[[ Data provided open ]]
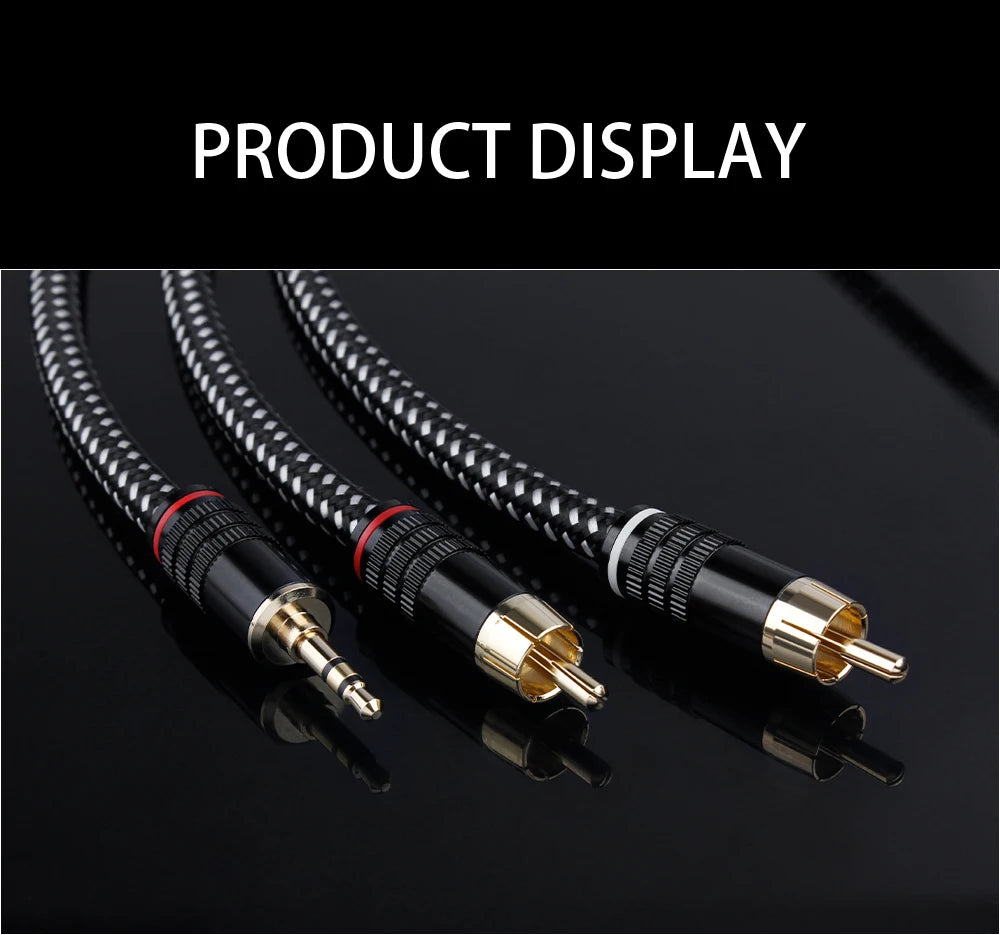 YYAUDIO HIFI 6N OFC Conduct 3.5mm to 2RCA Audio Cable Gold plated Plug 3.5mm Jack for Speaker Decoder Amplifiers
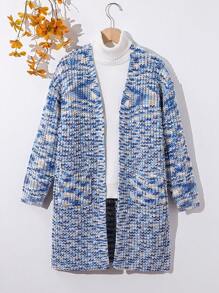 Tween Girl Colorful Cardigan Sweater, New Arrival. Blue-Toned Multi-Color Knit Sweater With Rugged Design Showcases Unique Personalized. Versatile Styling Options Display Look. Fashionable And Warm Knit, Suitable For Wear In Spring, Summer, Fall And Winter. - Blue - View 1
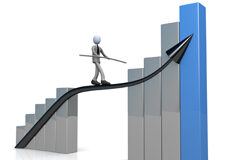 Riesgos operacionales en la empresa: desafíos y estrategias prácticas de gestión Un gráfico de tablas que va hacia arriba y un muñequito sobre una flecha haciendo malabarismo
[[ Data provided closed ]]
Print all of the material exactly. Omit pictures.

> **Solution for this exercise**:
 YYAUDIO HIFI 6N OFC Conduct 3.5mm to 2RCA Audio Cable Gold plated Plug 3.5mm Jack for Speaker Decoder Amplifiers
 Tween Girl Colorful Cardigan Sweater, New Arrival. Blue-Toned Multi-Color Knit Sweater With Rugged Design Showcases Unique Personalized. Versatile Styling Options Display Look. Fashionable And Warm Knit, Suitable For Wear In Spring, Summer, Fall And Winter. - Blue - View 1
 Riesgos operacionales en la empresa: desafíos y estrategias prácticas de gestión Un gráfico de tablas que va hacia arriba y un muñequito sobre una flecha haciendo malabarismo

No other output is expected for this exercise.